— Recorded information —
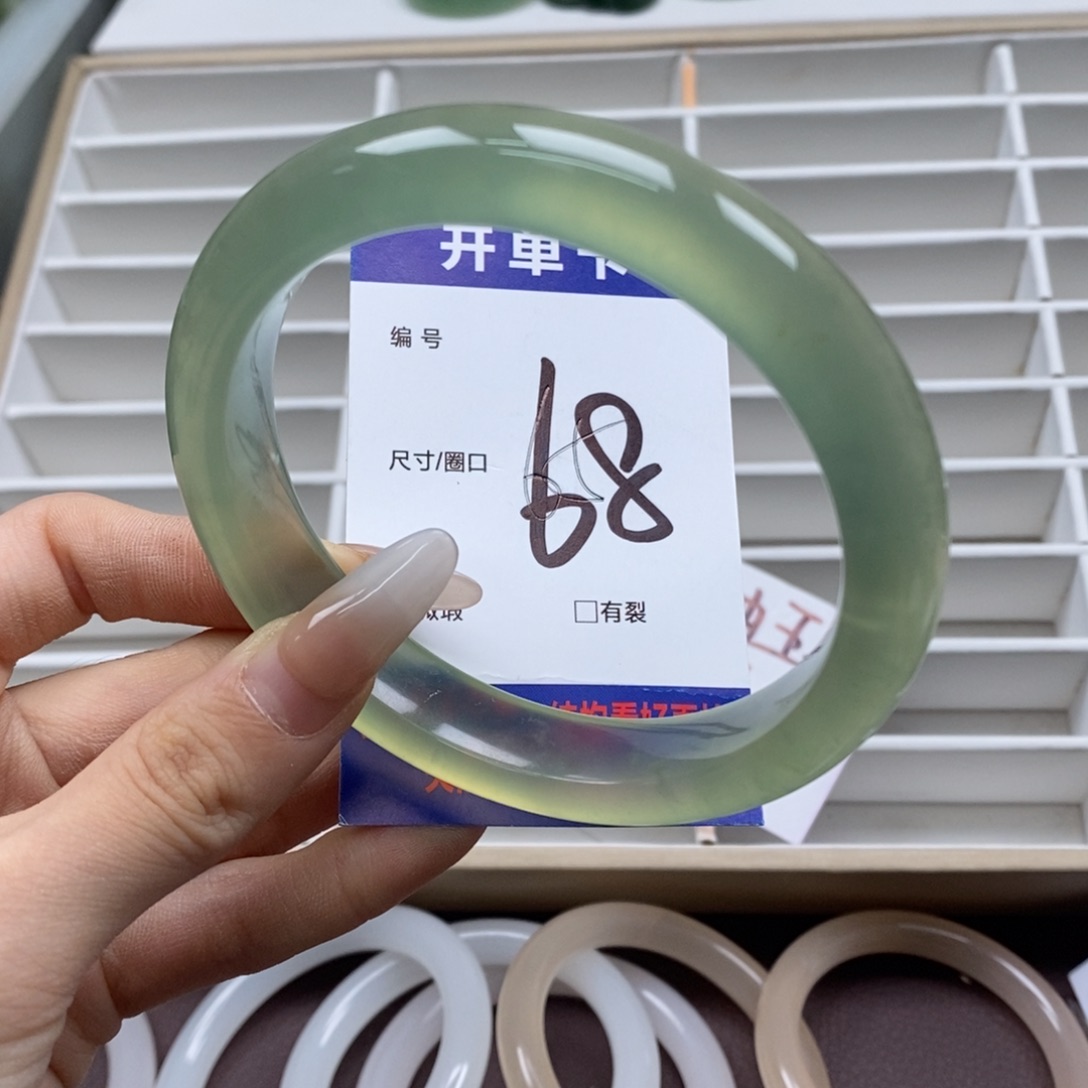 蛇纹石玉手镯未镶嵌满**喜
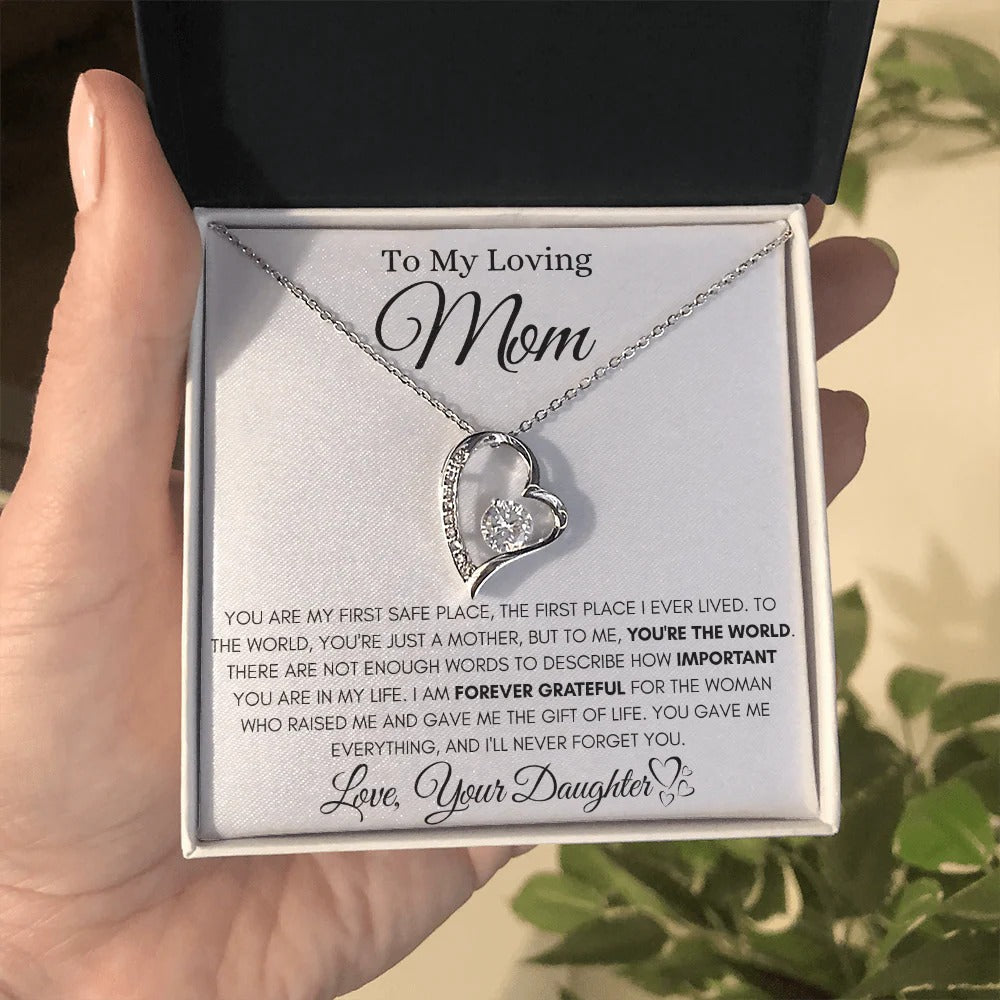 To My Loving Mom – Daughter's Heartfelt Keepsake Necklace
...
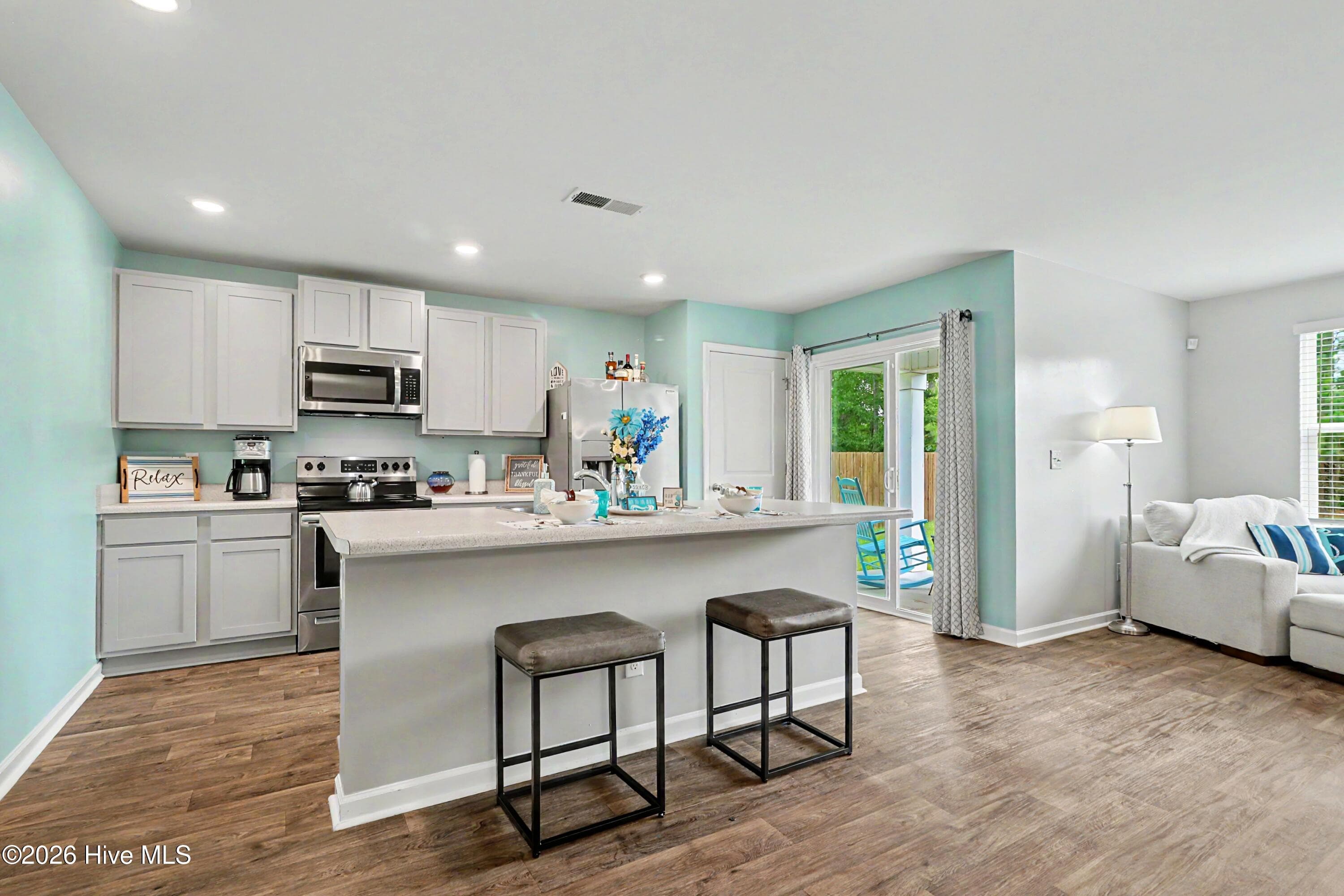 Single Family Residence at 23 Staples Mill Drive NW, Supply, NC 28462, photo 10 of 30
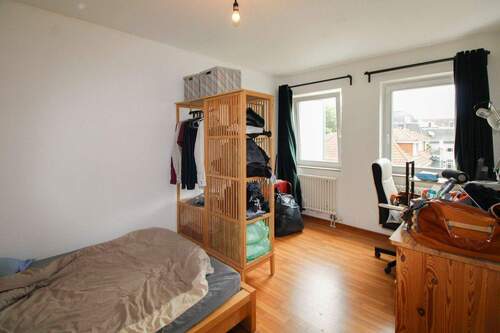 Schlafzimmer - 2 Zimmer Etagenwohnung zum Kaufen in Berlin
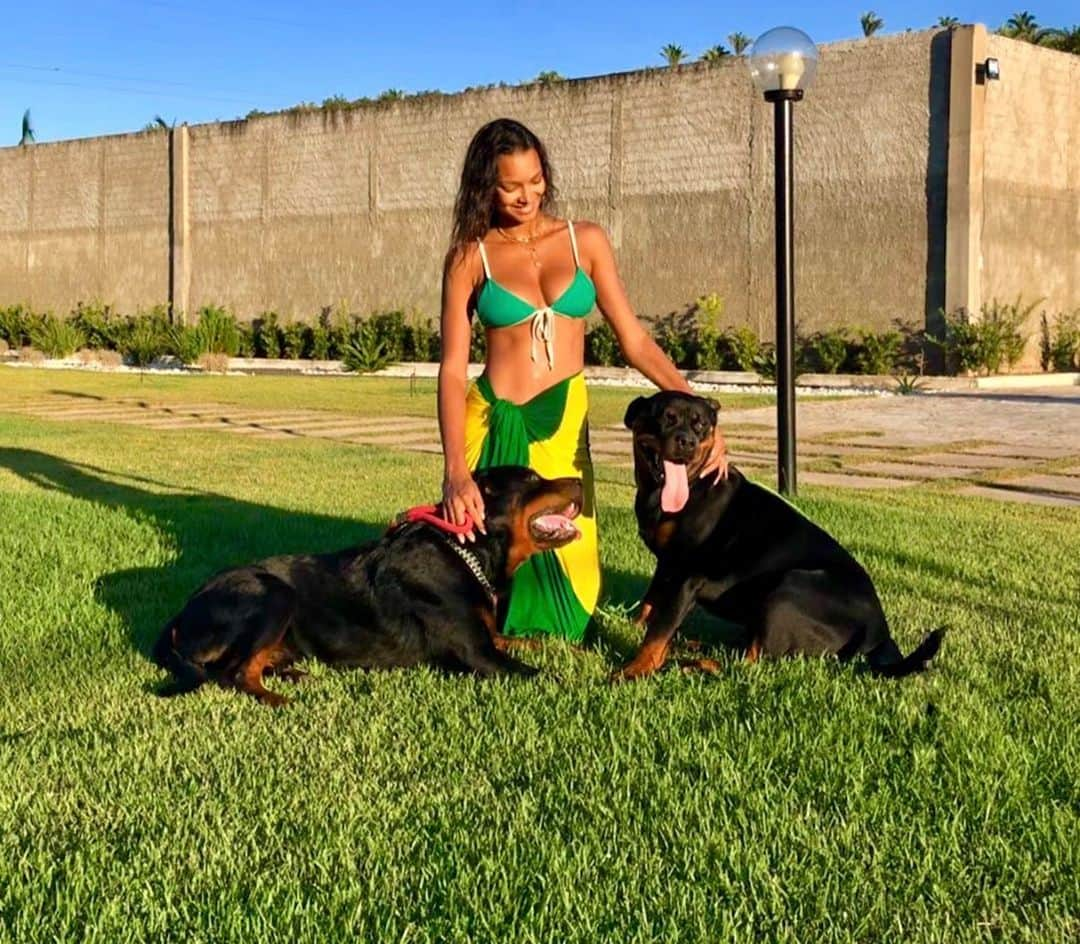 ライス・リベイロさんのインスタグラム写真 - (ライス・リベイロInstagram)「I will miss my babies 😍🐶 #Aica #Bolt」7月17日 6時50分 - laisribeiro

— What to work on —
Take the material above from the line bearing "Schlafzimmer - 2" through the line bearing "ライス・リベイロさんのインスタグラム写真 - (ライス・リベイロInstagram)「I" and write it out exactly, both end lines included. Pictures stay out.

— Written response —
 Schlafzimmer - 2 Zimmer Etagenwohnung zum Kaufen in Berlin
 ライス・リベイロさんのインスタグラム写真 - (ライス・リベイロInstagram)「I will miss my babies 😍🐶 #Aica #Bolt」7月17日 6時50分 - laisribeiro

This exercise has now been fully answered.